### PROBLEM DESCRIPTION
At the line containing "null Roland DUBUC (1924-1998).", start repeating the entries exactly, and continue through the last line.
^^^^^^^^
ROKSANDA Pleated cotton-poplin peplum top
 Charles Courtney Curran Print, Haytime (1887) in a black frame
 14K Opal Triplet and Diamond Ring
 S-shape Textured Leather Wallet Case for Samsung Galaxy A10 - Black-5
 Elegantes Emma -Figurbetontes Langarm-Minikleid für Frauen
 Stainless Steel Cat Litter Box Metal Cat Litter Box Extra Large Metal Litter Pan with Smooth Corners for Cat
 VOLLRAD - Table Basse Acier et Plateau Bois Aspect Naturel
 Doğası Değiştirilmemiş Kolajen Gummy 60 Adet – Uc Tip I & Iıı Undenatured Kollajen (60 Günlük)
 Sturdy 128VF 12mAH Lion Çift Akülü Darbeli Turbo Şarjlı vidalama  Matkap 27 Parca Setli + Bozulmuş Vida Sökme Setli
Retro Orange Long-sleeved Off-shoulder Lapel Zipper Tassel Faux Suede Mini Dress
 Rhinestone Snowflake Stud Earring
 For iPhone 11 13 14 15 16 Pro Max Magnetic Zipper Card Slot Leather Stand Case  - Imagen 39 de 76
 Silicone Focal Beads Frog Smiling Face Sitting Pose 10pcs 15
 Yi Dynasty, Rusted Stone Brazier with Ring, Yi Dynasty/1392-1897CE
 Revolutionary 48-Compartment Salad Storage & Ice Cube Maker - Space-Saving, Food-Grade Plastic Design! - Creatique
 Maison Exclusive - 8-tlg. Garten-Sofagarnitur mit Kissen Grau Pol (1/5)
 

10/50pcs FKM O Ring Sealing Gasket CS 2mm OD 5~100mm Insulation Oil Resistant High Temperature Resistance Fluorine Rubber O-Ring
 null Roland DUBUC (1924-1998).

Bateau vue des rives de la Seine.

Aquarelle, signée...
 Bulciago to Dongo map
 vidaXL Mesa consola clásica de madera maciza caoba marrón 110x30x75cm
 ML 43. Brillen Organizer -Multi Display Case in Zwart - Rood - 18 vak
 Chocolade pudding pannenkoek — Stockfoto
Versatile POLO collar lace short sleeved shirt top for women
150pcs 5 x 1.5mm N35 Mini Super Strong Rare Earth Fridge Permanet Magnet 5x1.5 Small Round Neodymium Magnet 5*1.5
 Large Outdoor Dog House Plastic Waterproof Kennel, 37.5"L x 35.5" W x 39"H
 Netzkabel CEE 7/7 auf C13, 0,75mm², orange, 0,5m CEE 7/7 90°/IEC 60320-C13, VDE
^^^^^^^^
### WRITTEN SOLUTION
 null Roland DUBUC (1924-1998).

Bateau vue des rives de la Seine.

Aquarelle, signée...
 Bulciago to Dongo map
 vidaXL Mesa consola clásica de madera maciza caoba marrón 110x30x75cm
 ML 43. Brillen Organizer -Multi Display Case in Zwart - Rood - 18 vak
 Chocolade pudding pannenkoek — Stockfoto
Versatile POLO collar lace short sleeved shirt top for women
150pcs 5 x 1.5mm N35 Mini Super Strong Rare Earth Fridge Permanet Magnet 5x1.5 Small Round Neodymium Magnet 5*1.5
 Large Outdoor Dog House Plastic Waterproof Kennel, 37.5"L x 35.5" W x 39"H
 Netzkabel CEE 7/7 auf C13, 0,75mm², orange, 0,5m CEE 7/7 90°/IEC 60320-C13, VDE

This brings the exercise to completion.